#### [Task directions]
Where an entry below contains an image, skip the image and copy the rest exactly.

#### [The input]
—————

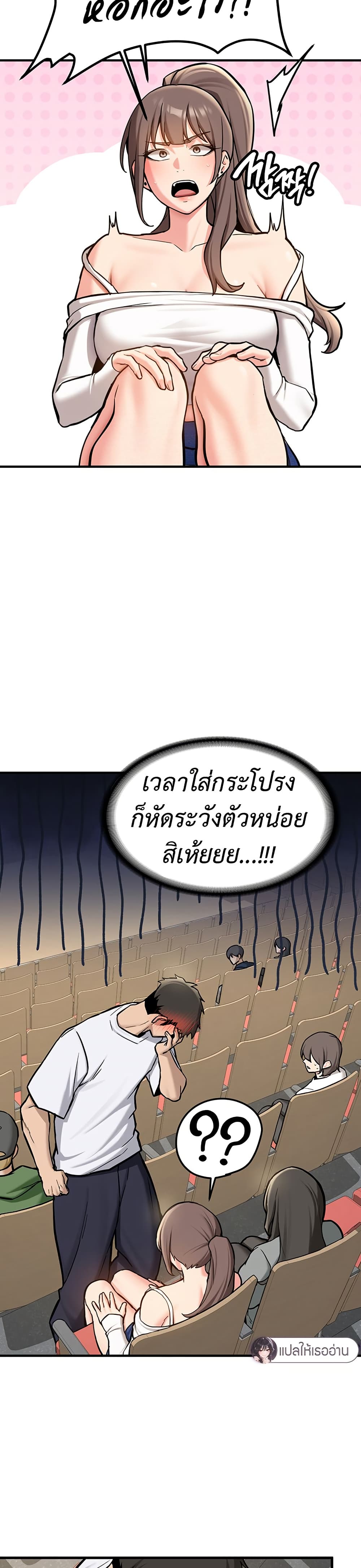 Pickup! – Pickup! – ตอนที่ 1 หน้า 18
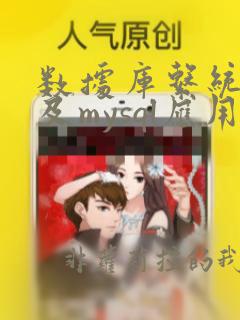 数据库系统原理及mysql应用答案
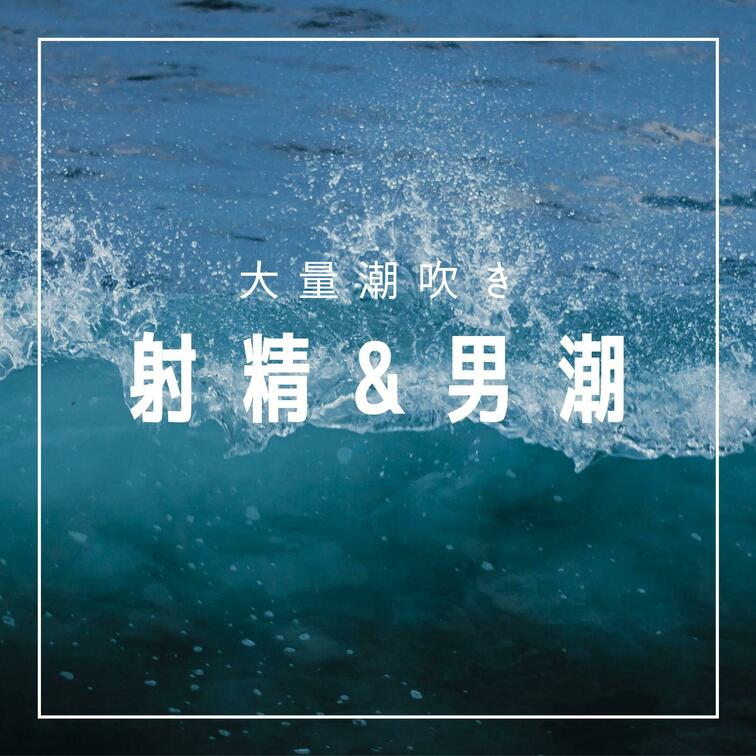 本編💁‍♀️ https://myfans.jp/posts/ff063784-e9e7-4fe0-bcf6-244b7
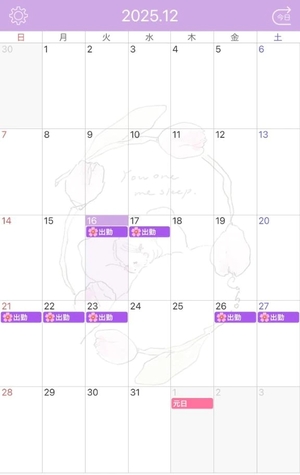 はるかの写メ日記｜トリプルA 吉原高級店ソープ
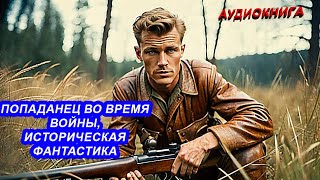 АУДИОКНИГА Попаданец во время войны Историческая фантастика [upl. by Gean]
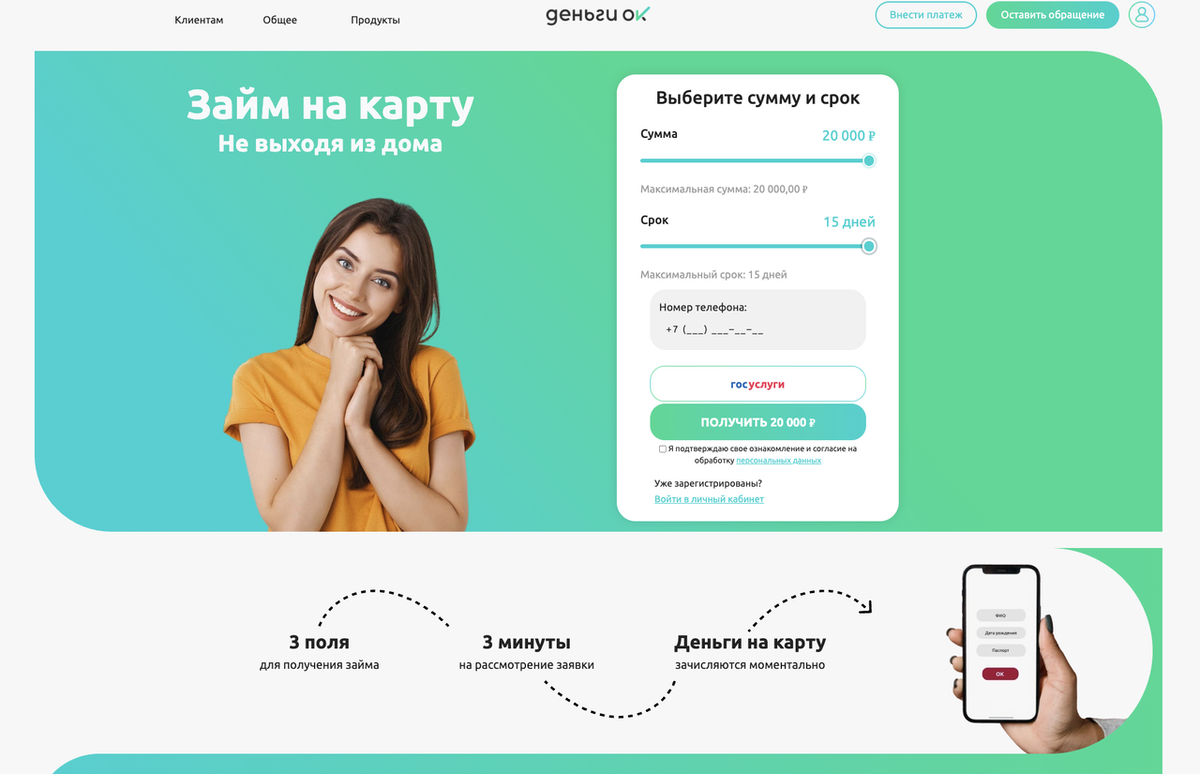 Условия займов в МФО «Деньги ОК»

—————

#### [Output of the task]
 Pickup! – Pickup! – ตอนที่ 1 หน้า 18
 数据库系统原理及mysql应用答案
 本編💁‍♀️ https://myfans.jp/posts/ff063784-e9e7-4fe0-bcf6-244b7
 はるかの写メ日記｜トリプルA 吉原高級店ソープ
 АУДИОКНИГА Попаданец во время войны Историческая фантастика [upl. by Gean]
 Условия займов в МФО «Деньги ОК»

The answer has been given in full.